The thumping dance beat and soaring voices might’ve sounded like any ordinary gathering of ladies in celebration. But the sight of the group decked-out in matching orange jumpsuits quickly threw that imagery into a tailspin.
More than two dozen women lined-up, as if taking part in a Texas line dance, and began imitating the instructor in a series of dance moves. The scene played out Thursday morning in San Francisco County’s women’s jail.
“Just because I’m locked up doesn’t mean my body locked up,” said inmate Latanya Webb, wiping the sweat from her brow.
The event was part of the One Billion Rising global dance event, aimed at raising awareness for the issue of domestic violence.
The group staged identical events around the world, with people performing choreographed dance routines to a song called Break the Chains.
“Everybody is dancing to the same song… and we’re doing the same moves,” said Rachel Irwin of the group Dancing Without Borders. “So there’s this power moving through the world right now. That is going to create a shift.”
There was plenty of shifting going on as the women launched into an synchronized dance routine that would do YouTube justice.
Irwin was well aware of the symbolism of women behind bars taking part in a global event. “I feel like I’m connected to the people outside who’s also doing this dance,” said Webb. “So that makes a difference.”
San Francisco Sheriff Ross Mirkarimi invited organizers to stage the event inside the jail after he wasn’t invited to San Francisco’s official One Billion Rising event at Civic Center.

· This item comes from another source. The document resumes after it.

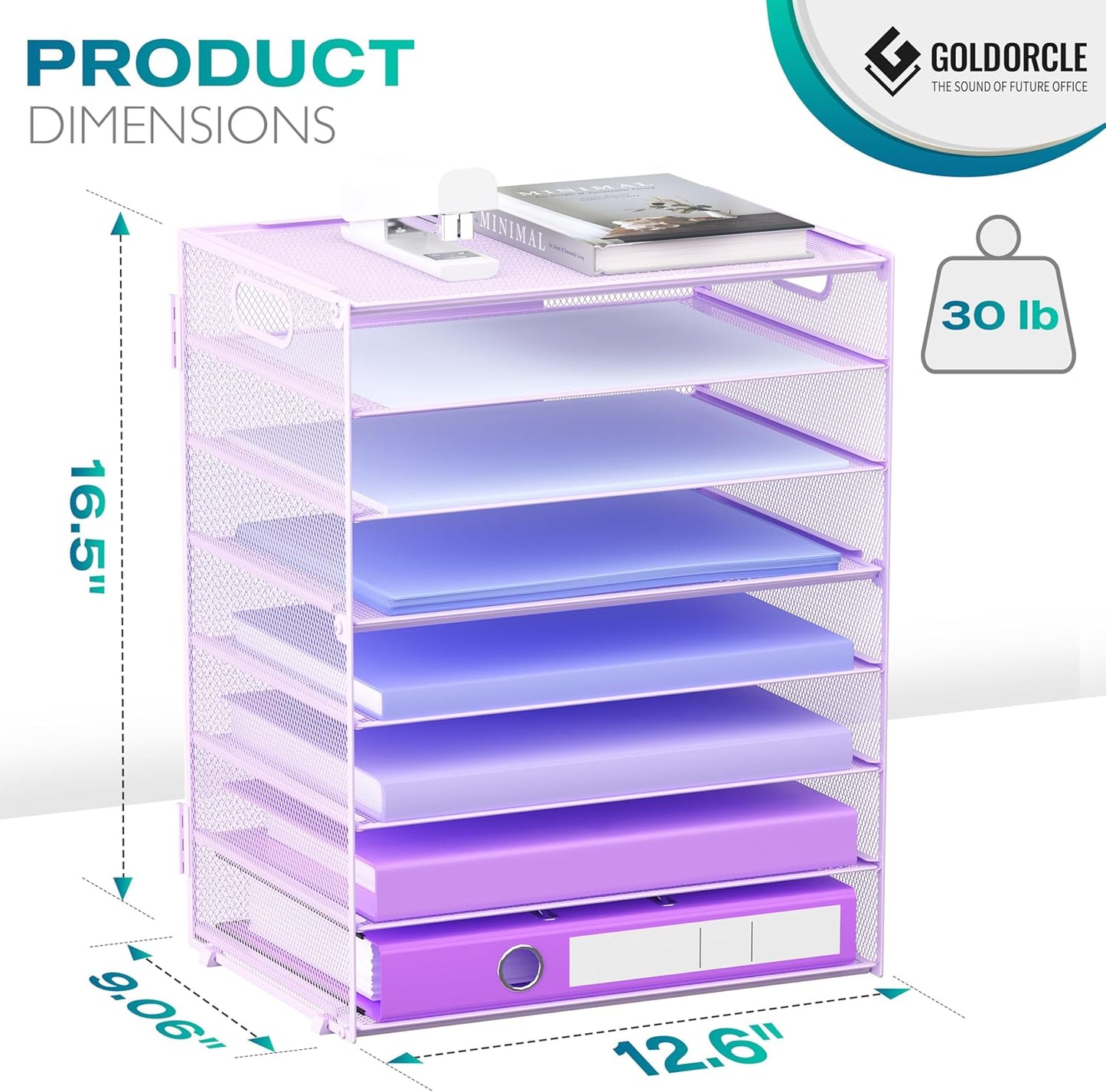 8 Tier Paper Letter Tray Organizer with Handles, Mesh Desk File Holder Storage Organization for Home School Classroom & Office (Black)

As Mirkarimi walked into the women’s jail where the group was dancing, he was surrounding by the inmates chanting “go sheriff.”
“I always said it’s important to take responsibility,” said Mirkarimi, whose wife Eliana Lopez danced with the inmate group.
“I always said it’s important to understand what the power of redemption means.” The formidable power of dance redemption was also spinning its restorative magic in the San Bruno County Jail where male inmates in the Resolve to Stop the Violence Program gathered on a windowless basketball court to perform a similar dance.
The men, many sporting gang tattoos, followed the lead of a female instructor, heeding commands to roar like a lion before launching into the dance number. A uniformed Sheriff’s captain joined the group, as did some of the support staff. “We’re having fun doing it man,” said inmate Tony Scott.
We’re supporting all the women out there. We letting them know we got their back.”